[Python-Dev] Python-3.0, unicode, and os.environ

Adam Olsen rhamph at gmail.com
Mon Dec 8 23:25:03 CET 2008


On Mon, Dec 8, 2008 at 2:44 PM, M.-A. Lemburg <mal at egenix.com> wrote:
> On 2008-12-08 22:32, Adam Olsen wrote:
>> On Mon, Dec 8, 2008 at 2:01 PM, M.-A. Lemburg <mal at egenix.com> wrote:
>>> On 2008-12-08 21:45, Antoine Pitrou wrote:
>>>> M.-A. Lemburg <mal <at> egenix.com> writes:
>>>>> Such application specific error handlers could then also apply
>>>>> whatever fancy round-trip safe encoding of non-decodable bytes
>>>>> to Unicode escapes, private code points, etc. as seen fit by the
>>>>> application.
>>>> I'd argue that such fancy round-trip safe error handler should be provided by
>>>> Python. It's not reasonable to expect application coders to come up with their
>>>> own codec variation based on subtle details of the unicode spec.
>>> Fair enough. We could add some e.g.
>>>
>>>  * a round-trip safe escape error handler that uses a Unicode private
>>>   code point area which we officially reserve for the Python
>>>   interpreter
>>
>> This would of course alter the behaviour of those private code points,
>> preventing them from round-tripping properly.
>>
>> I don't think round-tripping can be done from an error handler.  You
>> need a full codec to do it.  A simple option is 8859-1.  Or, ya know,
>> bytes.  This has long since gotten repetitive..
>
> The error handler would just map the problem bytes to the private
> area.

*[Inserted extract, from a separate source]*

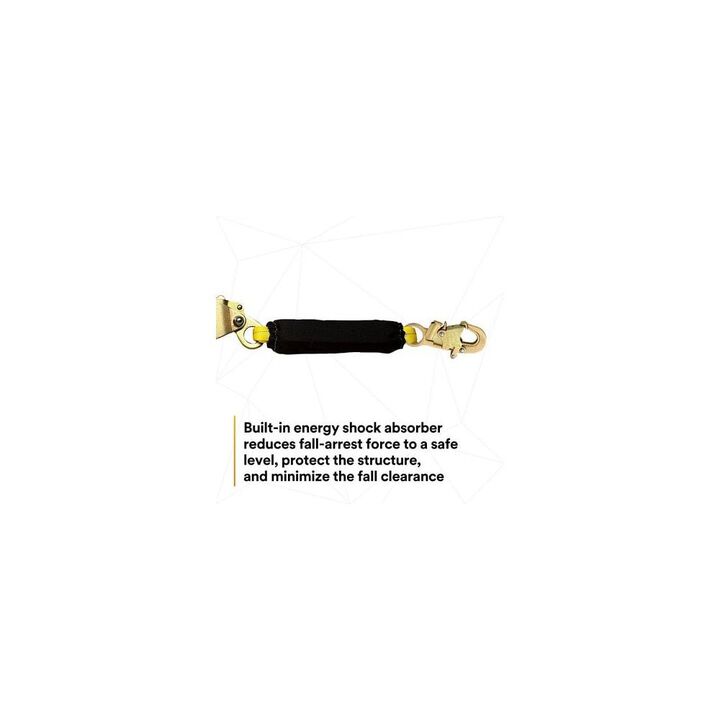 DBI Sala Sayfline 100' Synthetic Horizontal Lifeline System, large image number 9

The application would then have to decide what to do with
> them, ie. the error handler only provides one half of the round-
> tripping.

By that point it's already too late.  You've already conflated garbage
PUA with legitimate PUA.

To make it work you need to treat those legitimate PUA scalars as
errors too, transforming them.  A common example is how escaping
replaces a single '\' with '\\'.

Hrm.  nul-escaping should work.  Obviously it can't be used outside
the filesystem though, as they may introduce a legitimate nul.